Losses as a Business Expense
Businesses can get immediate tax relief by deducting repairs to storm damaged property as an “ordinary and necessary” business expense under Section 162. Deducting these costs as ordinary expenses can lower the taxpayer’s taxable income, resulting in reduced tax liability. A taxpayer can also claim deductions immediately without taking into account outstanding insurance claims or other reimbursements that they reasonably expect to collect. These deductions, however, require analyzing the expenditures against the improvement standards in the Tangible Property Repair Regulations (TPR). The TPR, for example, requires businesses to capitalize costs that are a betterment, adaptation or restoration to a unit of property.
Casualty Losses
Alternatively, businesses can deduct casualty losses under Section 165. Section 165 allows taxpayers to deduct losses arising from fire, storm, shipwreck, or other casualties for property used in a trade or business or for a transaction entered into for profit. For losses in federally declared disaster areas, Section 165 offers the flexibility to take deductions in either the year of the loss or the year prior to the loss. Additionally, net qualified disaster-related casualty losses are not subject to the requirement in Section 165(h)(2) that they exceed 10 percent of adjusted gross income.
Taxpayers determine the amount of the deduction by comparing the fair market value (FMV) of the property immediately before and after the event that caused the loss. The regulations also permit the taxpayer to establish the amount of loss by using the cost of repairs, with some limitations. The deduction is limited to the adjusted basis in the property, leaving it greatly reduced if the taxpayer took bonus depreciation.
Deducting casualty losses under Section 165 requires businesses to meet specific criteria, such as proving the loss was sudden, unexpected, and not a result of normal wear and tear. Unlike in Section 162, businesses must also demonstrate that the loss was not covered by insurance or other reimbursements (reimbursements received at a later date would be recognized as income and reduce the loss). Failure to meet these requirements can result in disallowed deductions and potential penalties.

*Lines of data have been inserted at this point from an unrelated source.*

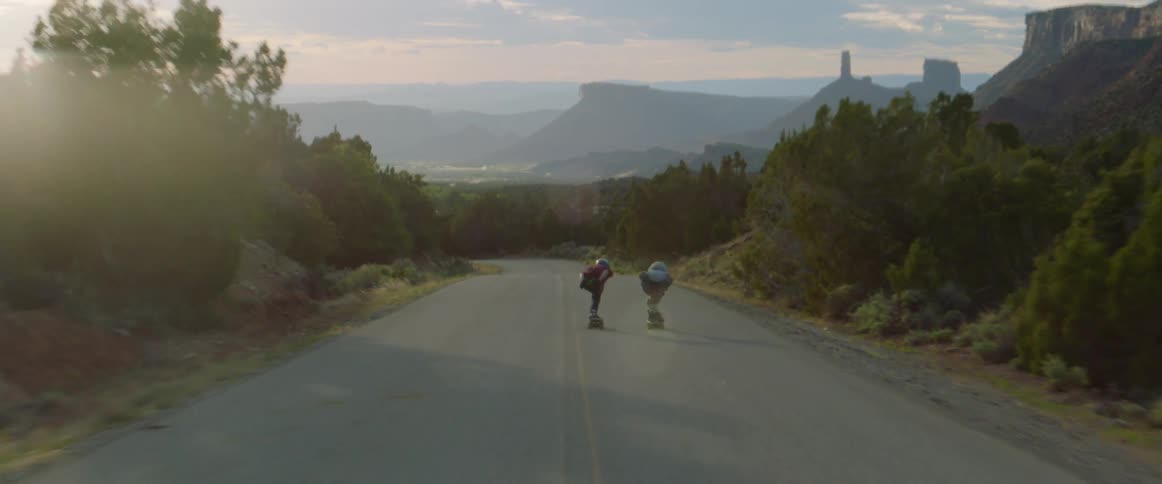 Two people skateboarding down a mountain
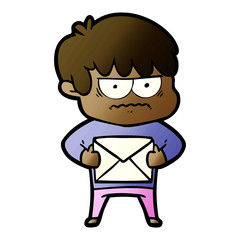 annoyed cartoon boy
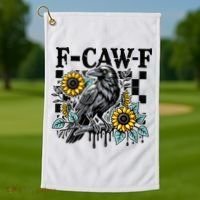 Crow Raven F-CAW-F Funny Halloween Golf Towel thumb 1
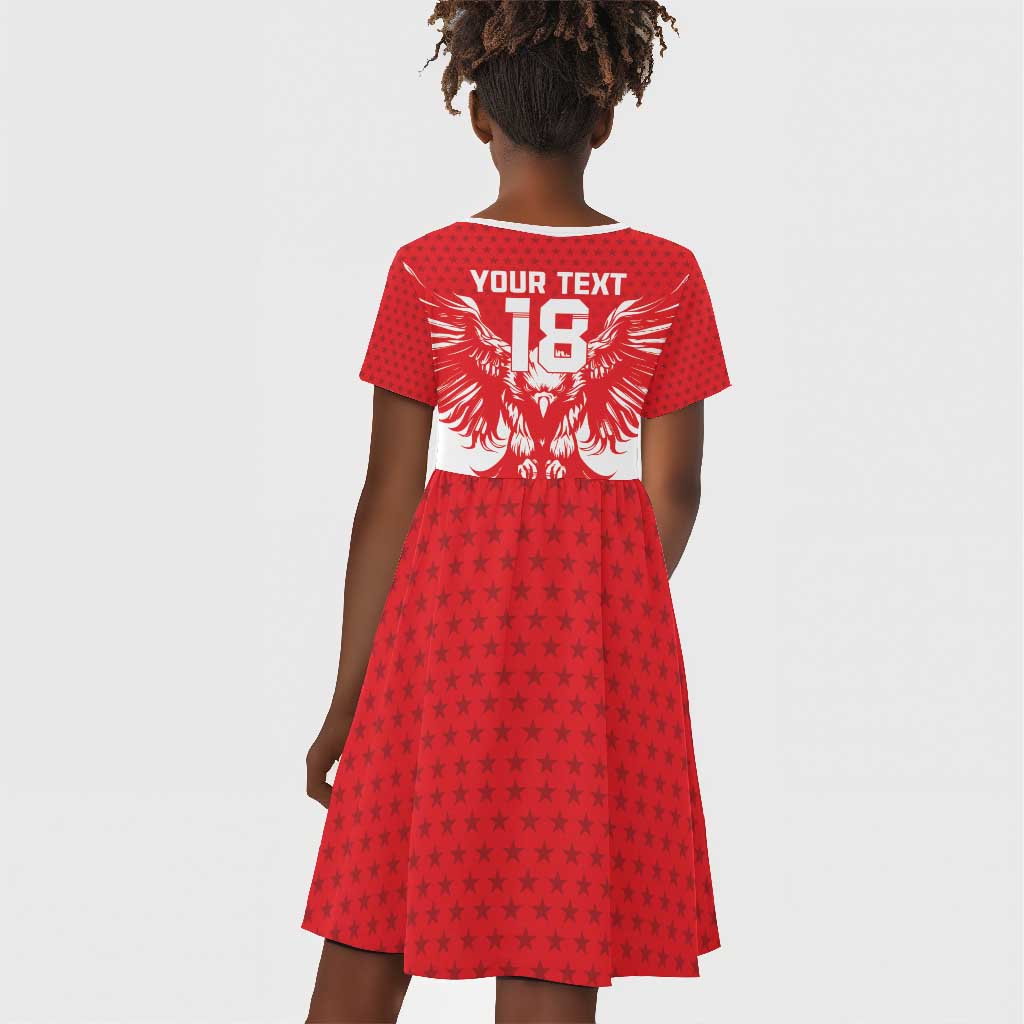 Custom Tunisia Football Kid Short Sleeve Dress Eagles of Carthage Spirit - African Pride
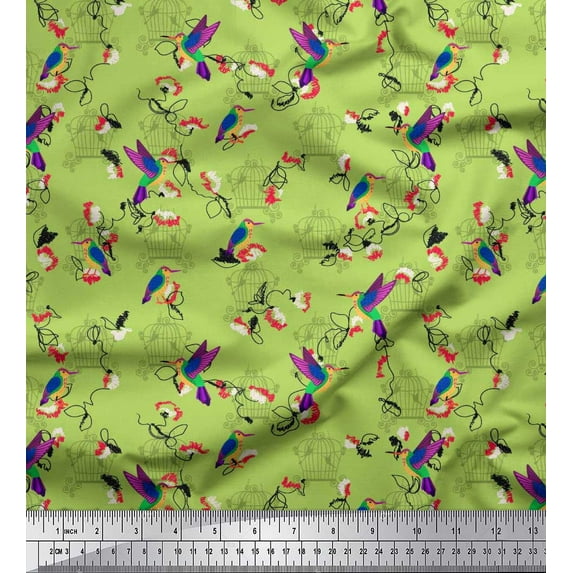 Soimoi Green Japan Crepe Satin Fabric Cage & Humming Bird Print Fabric by Yard 42 Inch Wide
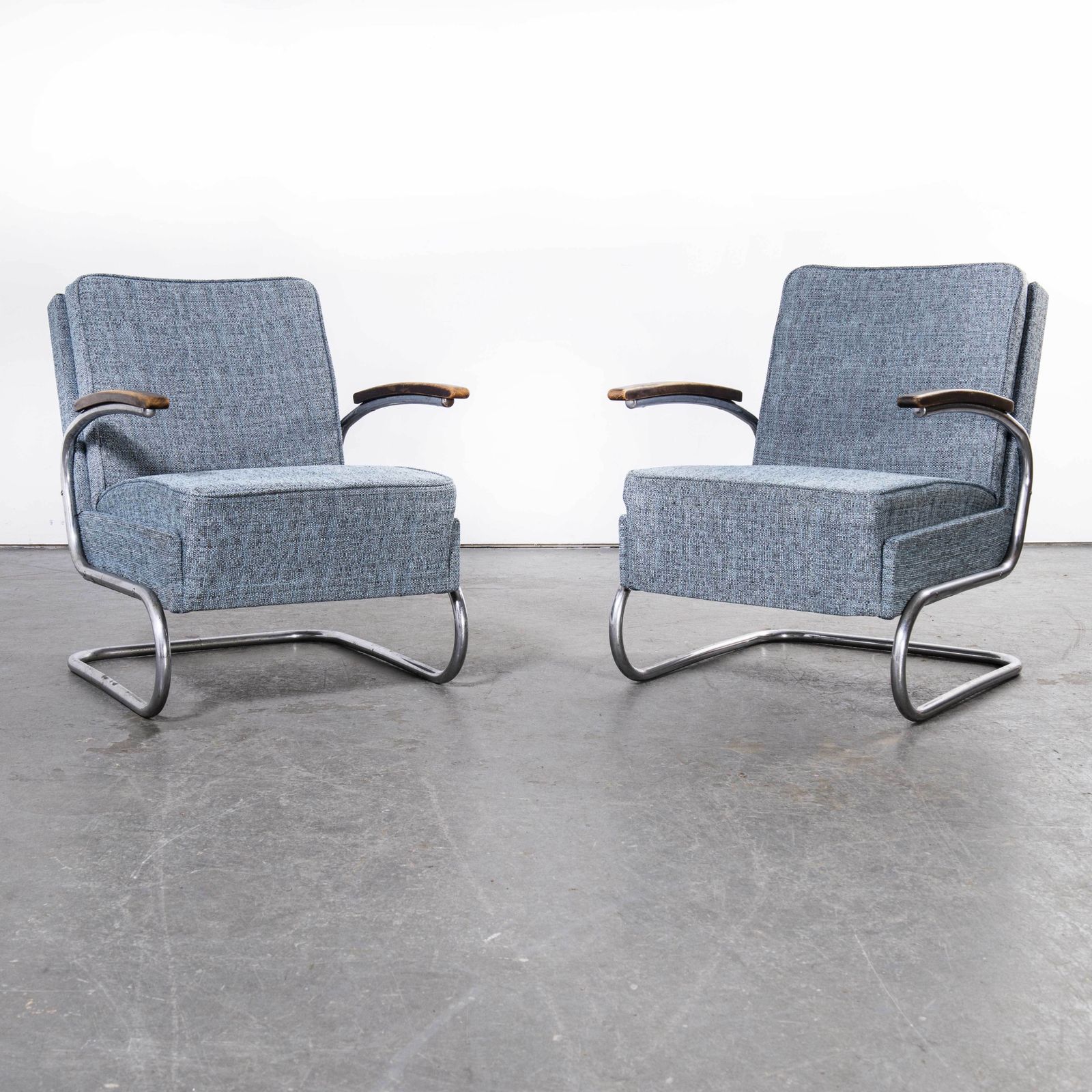 1930’s Pair Of Mucke Melder Original Armchairs – Fully Restored (Blue Fleck) photo for sale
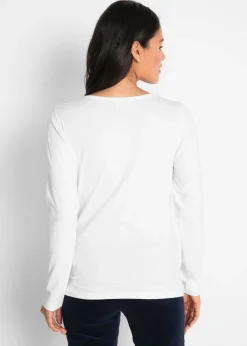bonprix bonprix Camiseta ajustada de manga larga Blanco Best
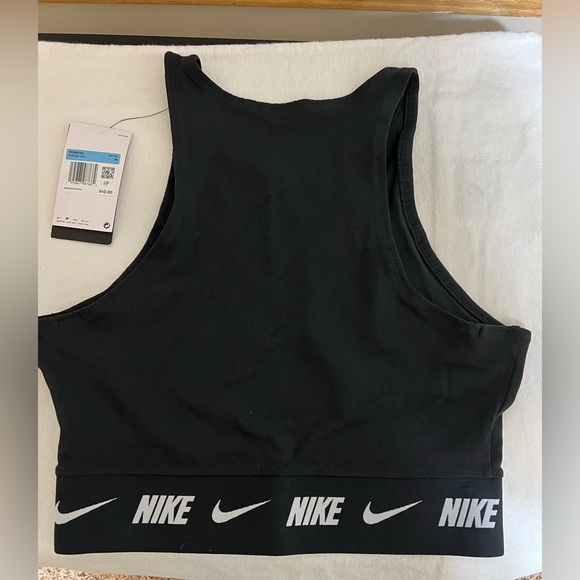 Nike women’s sports bra black w/white lettering on elastic and black swoosh NWT - Picture 2 of 6
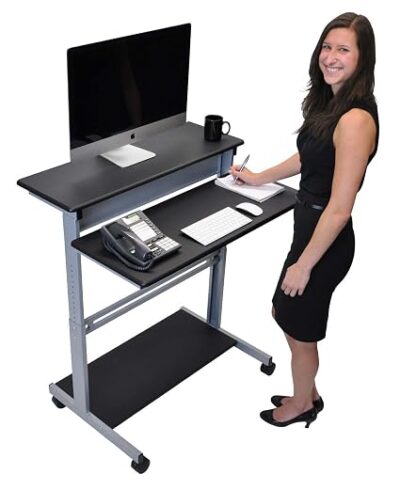 Luxor Two Tier 40inch Adjustable Height Presentation Station with Steel Frame and Casters – Black5 Luxor Two Tier 40inch Adjustable Height Presentation Station with Steel Frame and Casters – Black5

Additional Rules and Reminders
In determining how to account for their losses, businesses should be careful not to “double dip” by claiming losses under both sections. Once a business deducts repairs for the loss under Section 162, for example, it cannot then claim additional deductions on the same property under Section 165. Businesses should also take note that casualty loss rules for property used in a trade or business differ from those for personal property.
Regardless of the route chosen, businesses should remember that documentation is critical. The IRS may scrutinize these deductions more closely, so it is important to document the calculations and expenditures properly.